• **Stored items**:

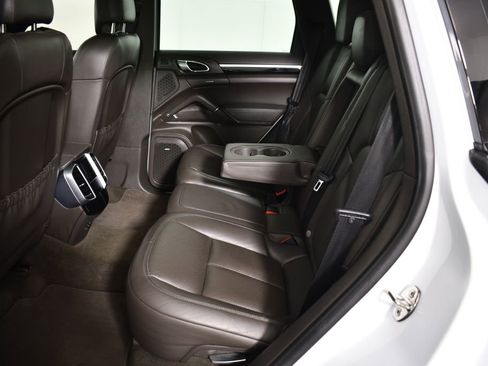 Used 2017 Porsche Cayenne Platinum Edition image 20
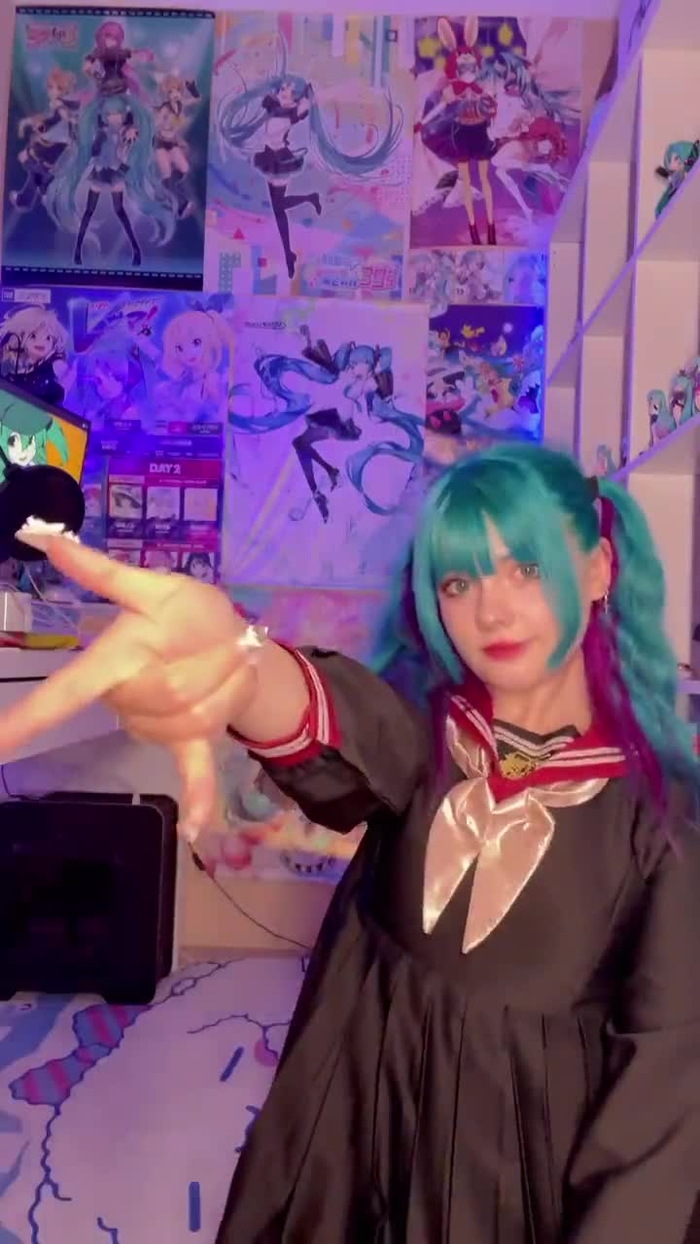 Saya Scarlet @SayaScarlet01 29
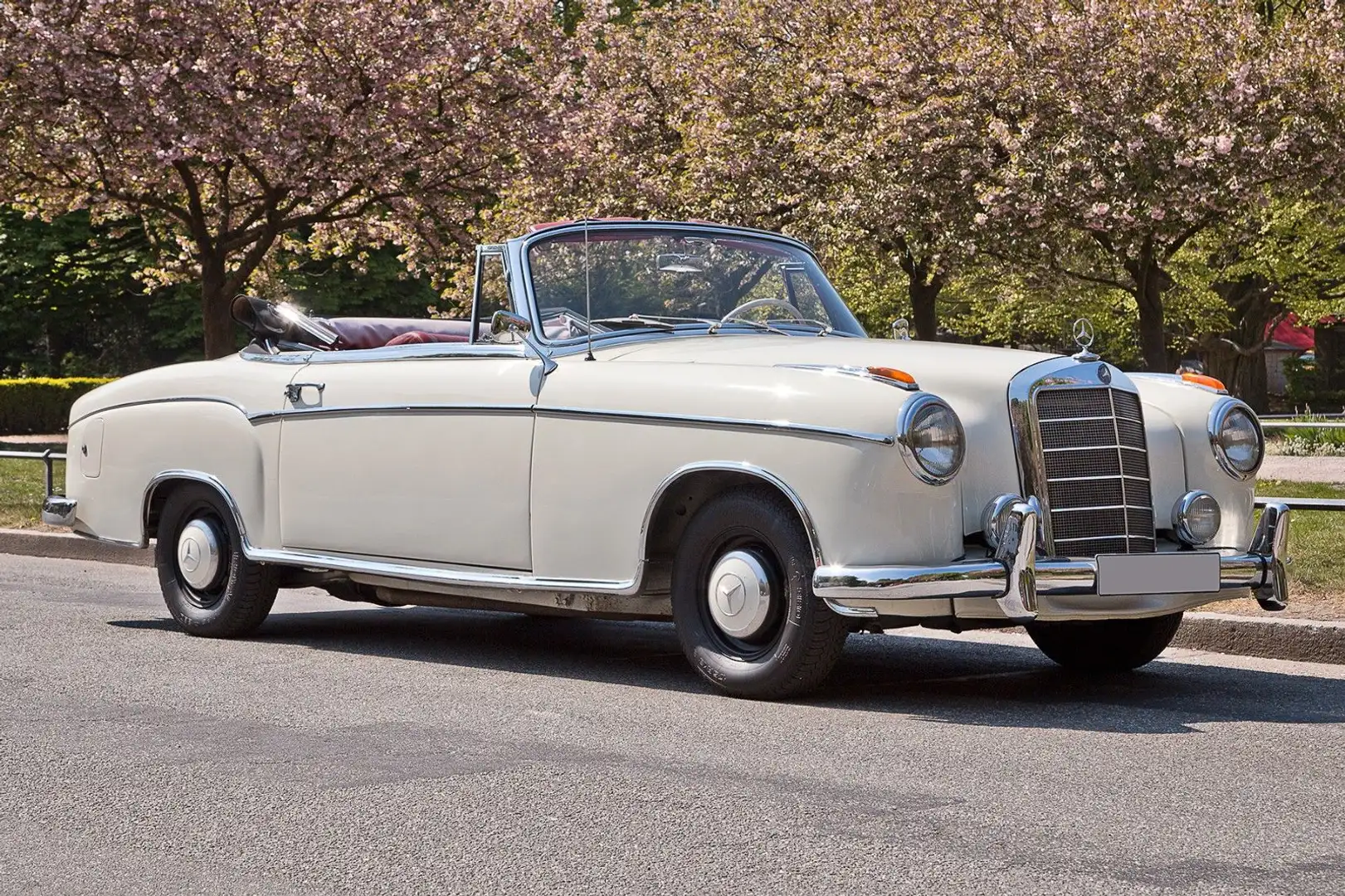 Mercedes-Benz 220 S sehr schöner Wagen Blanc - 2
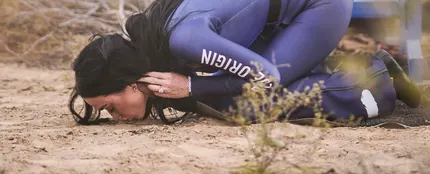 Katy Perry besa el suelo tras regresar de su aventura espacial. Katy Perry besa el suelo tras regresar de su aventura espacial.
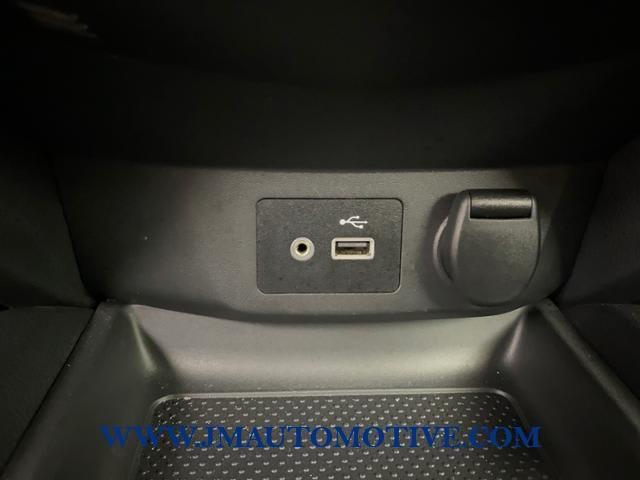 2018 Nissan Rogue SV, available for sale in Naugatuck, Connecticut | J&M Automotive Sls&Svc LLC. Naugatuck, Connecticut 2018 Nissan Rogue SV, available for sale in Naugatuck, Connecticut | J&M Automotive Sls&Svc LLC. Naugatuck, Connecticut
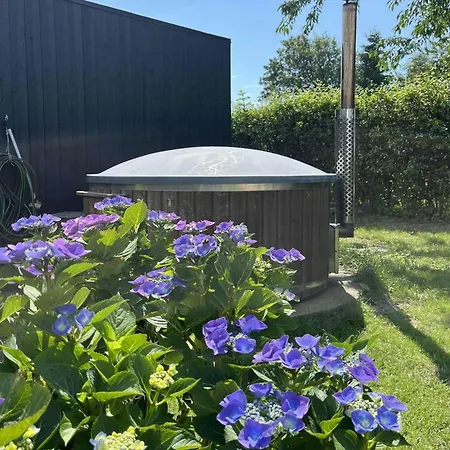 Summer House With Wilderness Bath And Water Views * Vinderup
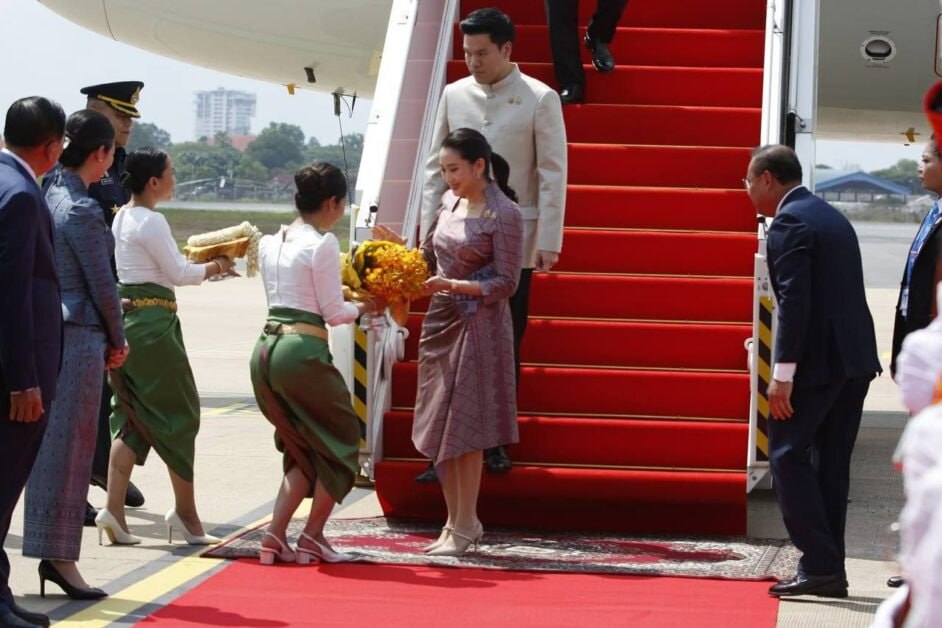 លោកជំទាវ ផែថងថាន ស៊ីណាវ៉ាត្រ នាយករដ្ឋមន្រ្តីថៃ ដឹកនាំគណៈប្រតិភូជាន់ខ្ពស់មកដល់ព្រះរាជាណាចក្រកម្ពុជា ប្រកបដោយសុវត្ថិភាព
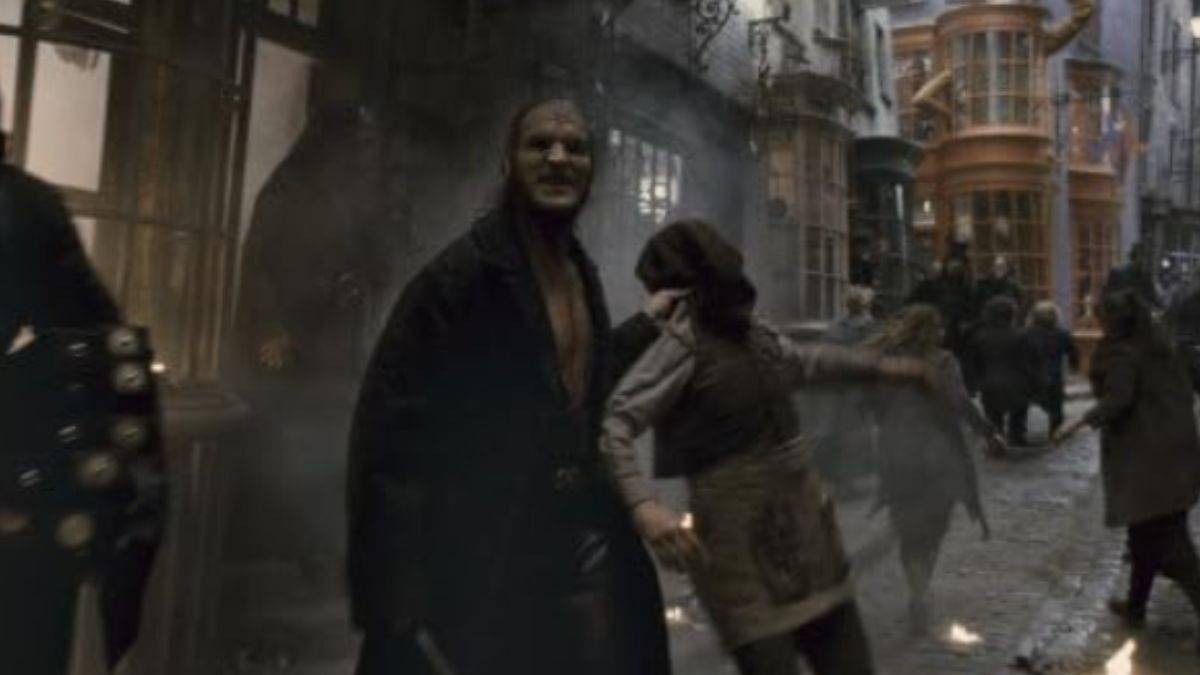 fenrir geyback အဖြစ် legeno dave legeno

• **Problem requirements**:
All that is needed is the data above, repeated exactly, without the pictures.

• **Reply**:
 Used 2017 Porsche Cayenne Platinum Edition image 20
 Saya Scarlet @SayaScarlet01 29
 Mercedes-Benz 220 S sehr schöner Wagen Blanc - 2
 Katy Perry besa el suelo tras regresar de su aventura espacial. Katy Perry besa el suelo tras regresar de su aventura espacial.
 2018 Nissan Rogue SV, available for sale in Naugatuck, Connecticut | J&M Automotive Sls&Svc LLC. Naugatuck, Connecticut 2018 Nissan Rogue SV, available for sale in Naugatuck, Connecticut | J&M Automotive Sls&Svc LLC. Naugatuck, Connecticut
 Summer House With Wilderness Bath And Water Views * Vinderup
 លោកជំទាវ ផែថងថាន ស៊ីណាវ៉ាត្រ នាយករដ្ឋមន្រ្តីថៃ ដឹកនាំគណៈប្រតិភូជាន់ខ្ពស់មកដល់ព្រះរាជាណាចក្រកម្ពុជា ប្រកបដោយសុវត្ថិភាព
 fenrir geyback အဖြစ် legeno dave legeno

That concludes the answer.